Waves of drones as well as ballistic and guided missiles struck the Ukrainian capital early on Thursday. There were explosions for much of the night, beginning at about 1am local time, and the rattle of anti-aircraft fire as Ukrainian defences tried to shoot the missiles down.

Kyiv’s mayor, Vitali Klitschko, said rescuers were pulling survivors from under the rubble. The injured included six children and a pregnant woman. A house, cars, and other buildings were set on fire, with extensive damage caused by falling debris in several districts, he said.

“Russia has launched a massive combined strike on Kyiv,” Ukraine’s state emergency service said on Telegram. “According to preliminary data, nine people were killed, 63 injured.”

Ukraine’s interior minister, Ihor Klymenko, said a big rescue operation was under way in the Svyatoshinsky district of Kyiv, involving dogs and engineering teams. “Mobile phones can be heard ringing under the ruins. The search will continue until everybody is got out. We have information about two children who cannot be found at the scene of the incident,” he added.

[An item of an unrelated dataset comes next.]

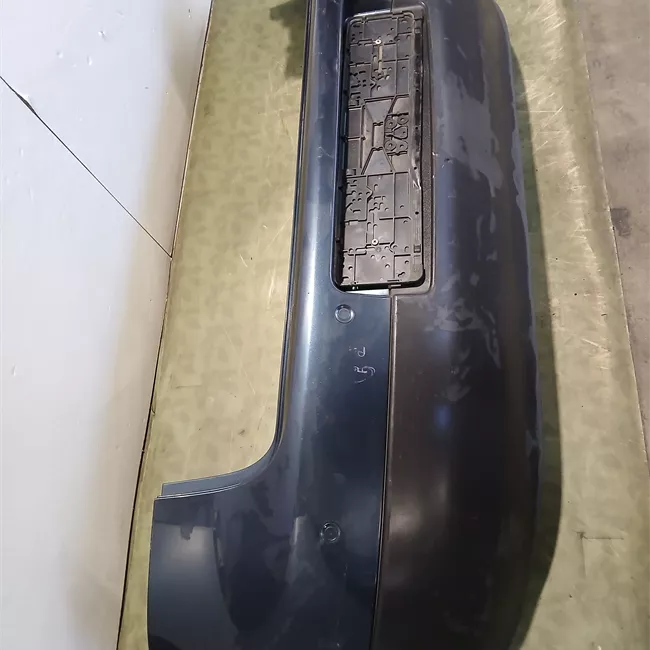 Paraurti posteriore con sensore parcheggio primer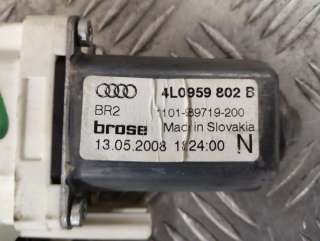 Моторчик стеклоподъемника задний правый Audi Q7 4L 2009г. 4L0959802B - Фото 3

On Wednesday evening, drones could be seen buzzing in the sky above the north-east Kharkiv region and flying over a forest. Kharkiv, Ukraine’s second city, was hit by seven missiles and 12 kamikaze drones in strikes throughout the night as black smoke plumed overhead.

According to Kharkiv’s mayor, several private houses, a factory and a high-rise apartment block were hit. “One of the most recent strikes hit a densely populated residential area. Two people were injured there,” Ihor Terekhov said, urging people to be careful.

The onslaught came as Donald Trump lashed out at Volodymyr Zelenskyy for failing to support a US “peace plan”, in which Crimea and other Ukrainian territories would be handed to Russia.

On Wednesday, Trump accused Ukraine’s president of prolonging the “killing field” and making “very harmful” statements. Zelenskyy has ruled out recognising Crimea as Russian and says a complete ceasefire is needed before any settlement can be discussed.

On Thursday, Zelenskyy said he was cutting short a trip to South Africa because of the attack. “It has been 44 days since Ukraine agreed to a full ceasefire and a halt to strikes… And it has been 44 days of Russia continuing to kill our people,” Zelensky said in a post on X. “The strikes must be stopped immediately and unconditionally,” he added.

The Ukrainian foreign minister, Andriy Sybiga, said Russia’s “maximalist demands for Ukraine to withdraw from its regions, combined with these brutal strikes, show that Russia, not Ukraine, is the obstacle to peace”.

He added: “Moscow, not Kyiv, is where pressure should be applied. Putin demonstrates through his actions, not words, that he does not respect any peace efforts and only wants to continue the war. Weakness and concessions will not stop his terror and aggression. Only strength and pressure will.”

Posting on social media, as Russian bombs fell around them, Ukrainians criticised Trump’s one-sided approach and his apparent indifference to Ukrainian civilian casualties. The massive attack suggested the Kremlin was not remotely interested in peace, they suggested.

Olga Rudenko, the editor of the Kyiv Independent newspaper, wrote on social media: “Can’t begin to explain how surreal it is to be sitting on the floor in the safest place of my apartment hearing an extremely loud Russian missile+drone attack – after having spent entire day discussing and editing coverage of the US effectively demanding Ukraine’s surrender.”

Euan MacDonald, a freelance journalist, added: “Great big bang in Kyiv, and another – incoming missiles. Shaheds also in city, just heard anti-aircraft guns. And two more big bangs just as I write … Not been this noisy for a while …”

There were further attacks in the cities of Pavlohrad and Zhytomyr, as well as in the Zaporizhzhia region.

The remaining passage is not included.